Josephine Berry

From Monoskop
Revision as of 14:20, 20 December 2023 by Dusan (talk | contribs)
(diff) ← Older revision | Latest revision (diff) | Newer revision → (diff)
Jump to navigation Jump to search

Josephine Berry is an art theorist, writer and editor. She supervises thesis only and practice based PhDs in the School of Arts and Humanities, Royal College of Art, London, and teaches in Media Communication and Cultural Studies at Goldsmiths, University of London. She is a member of Mute magazine’s editorial collective Mute and is a peer reviewer for the journal Theory, Culture & Society.

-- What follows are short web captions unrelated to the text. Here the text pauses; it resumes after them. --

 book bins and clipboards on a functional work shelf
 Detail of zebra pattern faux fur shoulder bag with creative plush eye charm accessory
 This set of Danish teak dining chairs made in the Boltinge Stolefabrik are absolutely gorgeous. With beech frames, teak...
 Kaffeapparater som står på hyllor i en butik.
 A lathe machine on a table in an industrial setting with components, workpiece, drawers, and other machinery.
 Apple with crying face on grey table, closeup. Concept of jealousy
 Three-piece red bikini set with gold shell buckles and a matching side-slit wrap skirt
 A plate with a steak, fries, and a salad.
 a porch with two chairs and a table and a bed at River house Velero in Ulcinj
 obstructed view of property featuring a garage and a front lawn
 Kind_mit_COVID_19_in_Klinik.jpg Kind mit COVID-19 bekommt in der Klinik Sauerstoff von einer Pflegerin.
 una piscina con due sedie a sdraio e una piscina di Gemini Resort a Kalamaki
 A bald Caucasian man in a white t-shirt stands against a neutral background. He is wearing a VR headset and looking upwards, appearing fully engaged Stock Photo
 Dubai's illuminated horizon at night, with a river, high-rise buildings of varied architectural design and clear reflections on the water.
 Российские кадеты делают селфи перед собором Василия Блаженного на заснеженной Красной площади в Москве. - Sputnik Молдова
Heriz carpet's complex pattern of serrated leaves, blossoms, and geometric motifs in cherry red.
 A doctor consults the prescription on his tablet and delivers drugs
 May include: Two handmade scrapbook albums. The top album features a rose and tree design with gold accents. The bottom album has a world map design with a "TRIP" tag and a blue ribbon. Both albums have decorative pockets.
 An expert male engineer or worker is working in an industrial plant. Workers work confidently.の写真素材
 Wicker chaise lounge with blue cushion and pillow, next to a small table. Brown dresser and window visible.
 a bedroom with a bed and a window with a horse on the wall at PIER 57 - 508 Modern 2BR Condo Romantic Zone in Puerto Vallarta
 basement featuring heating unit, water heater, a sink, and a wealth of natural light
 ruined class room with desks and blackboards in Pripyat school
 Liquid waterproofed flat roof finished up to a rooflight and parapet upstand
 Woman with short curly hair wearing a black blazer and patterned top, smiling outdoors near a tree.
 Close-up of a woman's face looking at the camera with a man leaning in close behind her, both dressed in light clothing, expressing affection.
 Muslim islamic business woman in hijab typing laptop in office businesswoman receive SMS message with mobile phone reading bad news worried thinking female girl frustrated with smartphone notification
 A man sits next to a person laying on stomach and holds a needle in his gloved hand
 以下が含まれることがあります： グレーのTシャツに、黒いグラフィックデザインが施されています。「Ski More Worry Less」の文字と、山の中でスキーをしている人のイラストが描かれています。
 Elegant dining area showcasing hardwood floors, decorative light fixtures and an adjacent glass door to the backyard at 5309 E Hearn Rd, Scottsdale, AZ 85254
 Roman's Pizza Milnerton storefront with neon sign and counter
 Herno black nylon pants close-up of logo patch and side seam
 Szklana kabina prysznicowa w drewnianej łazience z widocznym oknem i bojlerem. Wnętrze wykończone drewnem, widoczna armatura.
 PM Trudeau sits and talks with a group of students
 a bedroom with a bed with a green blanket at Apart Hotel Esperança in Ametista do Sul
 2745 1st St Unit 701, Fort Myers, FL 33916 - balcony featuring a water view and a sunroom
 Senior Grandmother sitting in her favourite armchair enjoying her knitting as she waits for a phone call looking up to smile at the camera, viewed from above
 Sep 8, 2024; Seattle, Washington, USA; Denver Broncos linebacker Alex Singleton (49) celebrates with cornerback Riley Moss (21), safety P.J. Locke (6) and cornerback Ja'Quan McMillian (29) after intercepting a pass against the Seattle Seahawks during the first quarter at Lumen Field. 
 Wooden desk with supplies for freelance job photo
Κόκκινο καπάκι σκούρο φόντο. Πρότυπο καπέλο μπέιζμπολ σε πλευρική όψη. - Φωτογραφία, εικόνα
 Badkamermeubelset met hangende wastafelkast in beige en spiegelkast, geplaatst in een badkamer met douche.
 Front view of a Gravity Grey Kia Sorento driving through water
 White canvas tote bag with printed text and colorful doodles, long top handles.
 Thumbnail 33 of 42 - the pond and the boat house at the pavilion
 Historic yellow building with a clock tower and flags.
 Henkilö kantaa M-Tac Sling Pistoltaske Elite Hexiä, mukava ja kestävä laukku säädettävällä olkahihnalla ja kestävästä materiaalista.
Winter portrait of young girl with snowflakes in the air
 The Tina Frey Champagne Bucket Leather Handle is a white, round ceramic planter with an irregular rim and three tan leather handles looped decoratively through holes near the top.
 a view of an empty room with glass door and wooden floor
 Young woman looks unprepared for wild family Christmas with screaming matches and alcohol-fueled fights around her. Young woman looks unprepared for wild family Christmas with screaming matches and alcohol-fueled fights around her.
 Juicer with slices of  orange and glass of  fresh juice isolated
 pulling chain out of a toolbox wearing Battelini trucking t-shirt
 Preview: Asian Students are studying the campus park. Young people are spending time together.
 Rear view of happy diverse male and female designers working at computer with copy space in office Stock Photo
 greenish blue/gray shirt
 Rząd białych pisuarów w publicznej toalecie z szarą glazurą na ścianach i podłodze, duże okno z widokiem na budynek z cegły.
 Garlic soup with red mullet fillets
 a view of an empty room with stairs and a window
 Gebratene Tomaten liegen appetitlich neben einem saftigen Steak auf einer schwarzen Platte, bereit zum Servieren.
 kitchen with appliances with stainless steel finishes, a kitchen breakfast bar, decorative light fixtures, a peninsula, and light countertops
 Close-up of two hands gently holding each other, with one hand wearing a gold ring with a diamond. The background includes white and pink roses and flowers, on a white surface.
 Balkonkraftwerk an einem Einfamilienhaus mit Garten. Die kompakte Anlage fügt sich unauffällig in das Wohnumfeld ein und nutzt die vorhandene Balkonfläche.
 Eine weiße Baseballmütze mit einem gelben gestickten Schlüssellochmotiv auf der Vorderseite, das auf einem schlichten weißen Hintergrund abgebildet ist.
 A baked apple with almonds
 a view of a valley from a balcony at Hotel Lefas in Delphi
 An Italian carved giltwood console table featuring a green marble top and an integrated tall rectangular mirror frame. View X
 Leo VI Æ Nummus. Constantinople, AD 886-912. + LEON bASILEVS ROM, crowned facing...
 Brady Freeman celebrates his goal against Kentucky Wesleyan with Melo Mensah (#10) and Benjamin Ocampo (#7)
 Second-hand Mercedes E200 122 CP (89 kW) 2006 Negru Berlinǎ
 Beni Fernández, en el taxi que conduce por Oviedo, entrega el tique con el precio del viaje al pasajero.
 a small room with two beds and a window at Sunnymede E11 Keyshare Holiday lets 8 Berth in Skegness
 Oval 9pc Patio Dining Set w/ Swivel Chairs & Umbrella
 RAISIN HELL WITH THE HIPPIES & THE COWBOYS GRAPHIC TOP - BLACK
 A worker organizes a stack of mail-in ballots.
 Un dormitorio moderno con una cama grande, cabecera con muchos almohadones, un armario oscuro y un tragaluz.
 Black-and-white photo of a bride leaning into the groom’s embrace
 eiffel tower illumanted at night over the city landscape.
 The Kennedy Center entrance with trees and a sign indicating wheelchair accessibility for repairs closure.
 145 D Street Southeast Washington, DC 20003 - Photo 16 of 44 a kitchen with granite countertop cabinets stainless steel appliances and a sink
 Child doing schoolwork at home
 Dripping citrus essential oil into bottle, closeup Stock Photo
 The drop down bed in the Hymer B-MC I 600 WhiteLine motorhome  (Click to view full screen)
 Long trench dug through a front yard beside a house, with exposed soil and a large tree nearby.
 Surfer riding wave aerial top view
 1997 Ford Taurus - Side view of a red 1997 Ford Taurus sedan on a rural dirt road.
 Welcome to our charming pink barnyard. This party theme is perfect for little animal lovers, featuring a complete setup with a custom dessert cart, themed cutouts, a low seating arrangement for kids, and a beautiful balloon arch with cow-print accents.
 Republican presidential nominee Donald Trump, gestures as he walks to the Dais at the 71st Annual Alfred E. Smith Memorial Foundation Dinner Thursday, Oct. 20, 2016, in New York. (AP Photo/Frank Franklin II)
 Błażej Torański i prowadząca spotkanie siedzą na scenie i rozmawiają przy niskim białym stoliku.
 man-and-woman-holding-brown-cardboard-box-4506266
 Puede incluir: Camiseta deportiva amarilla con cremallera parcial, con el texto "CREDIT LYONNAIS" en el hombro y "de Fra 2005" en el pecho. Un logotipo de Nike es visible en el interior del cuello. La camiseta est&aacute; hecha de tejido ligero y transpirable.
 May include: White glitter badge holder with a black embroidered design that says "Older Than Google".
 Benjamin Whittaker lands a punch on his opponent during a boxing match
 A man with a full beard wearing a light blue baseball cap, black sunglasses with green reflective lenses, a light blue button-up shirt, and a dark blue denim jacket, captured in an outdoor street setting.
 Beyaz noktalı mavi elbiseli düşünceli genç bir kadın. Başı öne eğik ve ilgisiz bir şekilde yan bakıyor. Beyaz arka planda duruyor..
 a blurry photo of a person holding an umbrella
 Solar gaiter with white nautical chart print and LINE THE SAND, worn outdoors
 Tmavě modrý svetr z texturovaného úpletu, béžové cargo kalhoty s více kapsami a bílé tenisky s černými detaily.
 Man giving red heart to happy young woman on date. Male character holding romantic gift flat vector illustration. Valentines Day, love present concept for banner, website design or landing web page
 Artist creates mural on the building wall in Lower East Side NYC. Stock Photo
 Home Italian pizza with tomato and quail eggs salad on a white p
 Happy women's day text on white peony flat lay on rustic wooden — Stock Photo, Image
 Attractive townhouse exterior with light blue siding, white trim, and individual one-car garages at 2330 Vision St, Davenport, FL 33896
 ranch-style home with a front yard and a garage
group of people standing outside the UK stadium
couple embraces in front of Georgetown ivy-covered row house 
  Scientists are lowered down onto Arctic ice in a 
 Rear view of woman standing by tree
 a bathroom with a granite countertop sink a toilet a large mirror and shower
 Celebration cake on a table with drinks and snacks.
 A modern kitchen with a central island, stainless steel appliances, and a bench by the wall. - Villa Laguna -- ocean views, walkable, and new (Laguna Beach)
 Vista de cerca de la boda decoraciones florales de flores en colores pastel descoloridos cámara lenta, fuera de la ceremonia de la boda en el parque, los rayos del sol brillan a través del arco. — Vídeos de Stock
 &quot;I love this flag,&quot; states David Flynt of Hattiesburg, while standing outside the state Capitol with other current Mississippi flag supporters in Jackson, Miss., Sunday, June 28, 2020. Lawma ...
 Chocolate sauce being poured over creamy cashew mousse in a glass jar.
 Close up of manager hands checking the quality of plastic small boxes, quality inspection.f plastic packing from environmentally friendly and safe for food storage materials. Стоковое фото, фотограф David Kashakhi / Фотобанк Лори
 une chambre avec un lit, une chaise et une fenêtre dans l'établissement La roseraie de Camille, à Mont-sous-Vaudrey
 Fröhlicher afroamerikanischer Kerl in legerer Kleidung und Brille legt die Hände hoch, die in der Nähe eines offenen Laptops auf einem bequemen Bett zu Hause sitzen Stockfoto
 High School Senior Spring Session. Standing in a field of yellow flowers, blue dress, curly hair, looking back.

Josephine Berry has a background in aesthetic politics with a particular focus on the intersections between art and biopolitics, neoliberal urban development and digital capitalism. She was Editor of Mute magazine, a print and online forum for ‘cultural politics after the net’, from 2004-2014 and co-director of the Post-Media Lab, Centre for Digital Culture, Leuphana University, Germany (2012-2014). She teaches on the Culture Industry MA at Goldsmiths, University of London and has taught courses in Visual Culture at Imperial College. Her educational background includes an MA in German Expressionism at The Courtauld Institute, and a PhD thesis on Site Specific Art on the Net at Manchester University. Publication venues include Afterall, Inventory, Mute, New Formations, Kunstlicht, The Large Glass and 21: Inquiries into Art, History and the Visual.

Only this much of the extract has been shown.